И в наступившей тишине поднялся Мариус, а вслед за ним, по обе стороны – Пандора и Амадео.
– Я долго и мучительно думал, – сказал Мариус, не сводя глаз с Сантино. – Я не могу уничтожить его, если ты запретишь. Я не стану нарушать мир подобными действиями. Я слишком сильно верю в то, что мы должны жить по правилам, иначе мы все погибнем.
– Значит, решено, – ответила Маарет, и от ее знакомого голоса по коже Торна побежали мурашки, – ибо я никогда не дам тебе права уничтожить Сантино. Да, он совершил ужасный поступок и нанес тебе рану – вчера ночью я слышала, как ты описывал Торну свои страдания. Мне грустно было слушать твой рассказ. Но теперь ты уже его не уничтожишь. Я запрещаю. А если ты пойдешь против меня, не останется никого, кто способен сдерживать остальных.
– Так тому и быть, – заключил Мариус. Он бросил яростный взгляд на Сантино. – Должен быть кто-то, способный сдерживать остальных. Но я не могу смириться с тем, что он причинил мне столько зла и остался в живых.

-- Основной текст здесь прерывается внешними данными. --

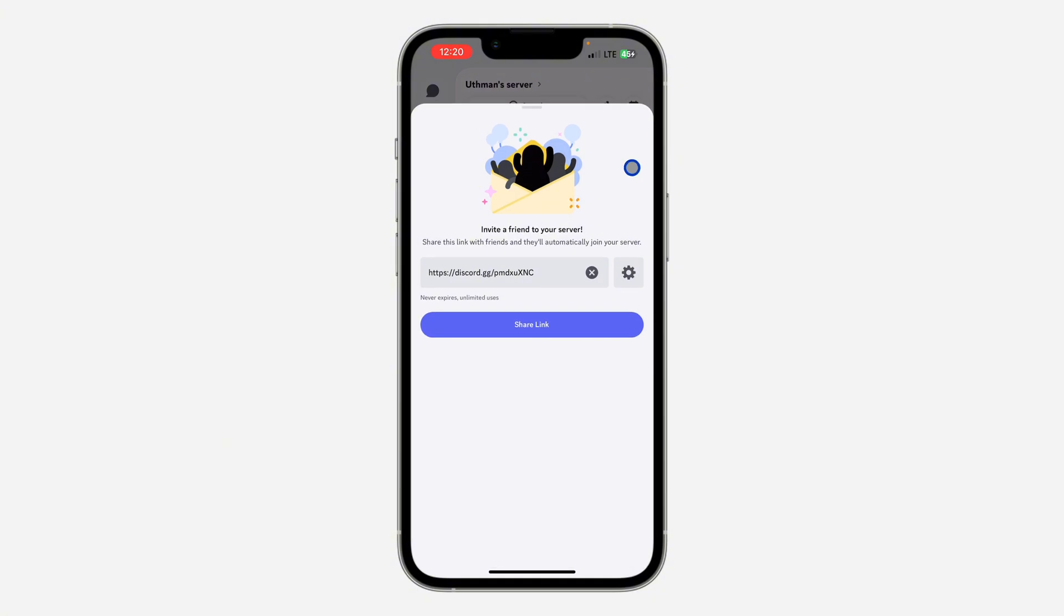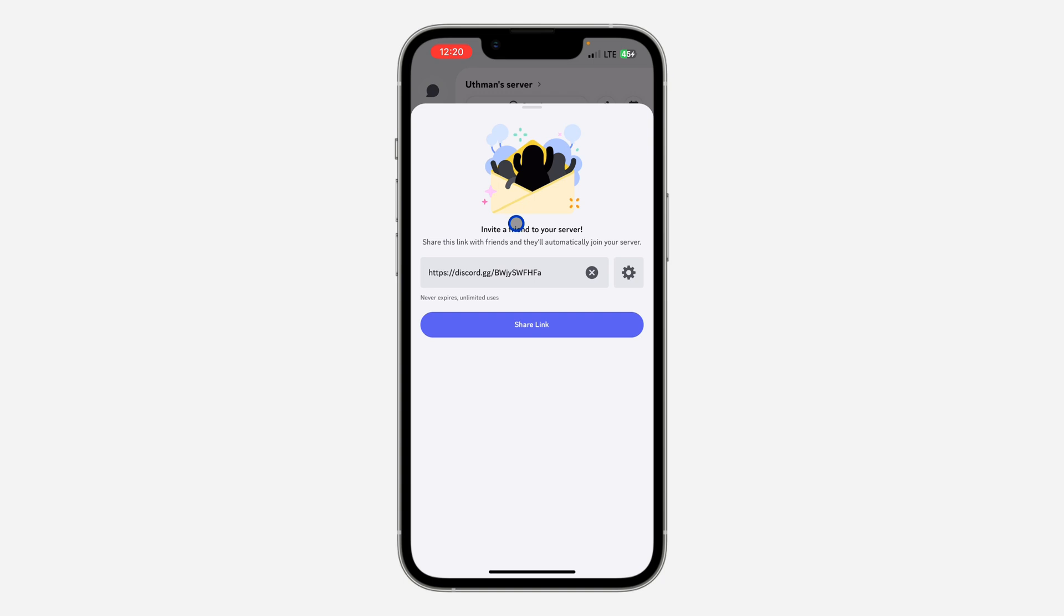So now with this link, it is not going to expire after some time. It is going to continue working and people will be able to join through the link.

К изумлению Торна, на юном лице Амадео отражалось только замешательство.
А Пандора казалась печальной и обеспокоенной, словно боялась, что Мариус не сдержит слова.
Но Торн знал, что сдержит.
И пока он оценивал черноволосого вампира, Сантино поднялся со скамьи, попятился и в ужасе показал на Торна пальцем. Но Торн оказался быстрее.

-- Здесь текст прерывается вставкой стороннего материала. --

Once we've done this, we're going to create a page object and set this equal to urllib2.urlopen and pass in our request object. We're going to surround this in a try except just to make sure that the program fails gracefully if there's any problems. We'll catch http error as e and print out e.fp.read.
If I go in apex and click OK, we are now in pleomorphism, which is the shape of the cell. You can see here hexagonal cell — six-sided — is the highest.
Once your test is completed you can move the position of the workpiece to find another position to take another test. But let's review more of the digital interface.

Он направил всю свою силу против Сантино, который только и мог, упав на колени, выкрикивать снова и снова «Торн!», пока не взорвалось его тело, пока из каждой клетки не хлынула кровь, а потом из его груди и головы вырвалось пламя, он рухнул, извиваясь, на каменный пол, и огонь поглотил его.
Создательница испустила ужасный вопль скорби, и в комнате появилась ее сестра, осматривая голубыми глазами комнату в поисках виновника страданий Маарет.
Та вскочила на ноги. Она взглянула на образовавшуюся перед ней горстку пепла и слякоти.
Торн поглядел на Мариуса. Он заметил, что на губах Мариуса играет еле уловимая горькая усмешка. Мариус поднял глаза и кивнул.
– Не благодари, – сказал Торн.
Он окинул взглядом рыдающую Маарет и сестру, крепко сжимающую ее в объятиях, молча моля объясниться.
– Вергельд, создательница, – сказал Торн. – Как было принято в мои времена, я потребовал вергельд – расплату за то, что ты лишила меня жизни, превратив в того, кто пьет кровь. Взамен я лишил крови Сантино – заметь, под твоей крышей.